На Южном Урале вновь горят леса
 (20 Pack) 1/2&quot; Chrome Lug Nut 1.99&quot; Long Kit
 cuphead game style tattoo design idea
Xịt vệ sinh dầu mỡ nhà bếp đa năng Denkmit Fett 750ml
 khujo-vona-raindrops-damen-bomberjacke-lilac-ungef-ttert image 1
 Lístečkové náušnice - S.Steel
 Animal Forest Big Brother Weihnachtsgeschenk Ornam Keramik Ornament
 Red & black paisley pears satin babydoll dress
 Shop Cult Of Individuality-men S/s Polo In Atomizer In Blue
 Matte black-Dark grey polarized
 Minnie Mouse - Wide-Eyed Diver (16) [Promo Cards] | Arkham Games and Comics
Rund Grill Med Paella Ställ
========================
TASK TO COMPLETE:
Transcribe the full listing exactly, keeping every word as it is.

ANSWER SECTION:
На Южном Урале вновь горят леса
 (20 Pack) 1/2&quot; Chrome Lug Nut 1.99&quot; Long Kit
 cuphead game style tattoo design idea
Xịt vệ sinh dầu mỡ nhà bếp đa năng Denkmit Fett 750ml
 khujo-vona-raindrops-damen-bomberjacke-lilac-ungef-ttert image 1
 Lístečkové náušnice - S.Steel
 Animal Forest Big Brother Weihnachtsgeschenk Ornam Keramik Ornament
 Red & black paisley pears satin babydoll dress
 Shop Cult Of Individuality-men S/s Polo In Atomizer In Blue
 Matte black-Dark grey polarized
 Minnie Mouse - Wide-Eyed Diver (16) [Promo Cards] | Arkham Games and Comics
Rund Grill Med Paella Ställ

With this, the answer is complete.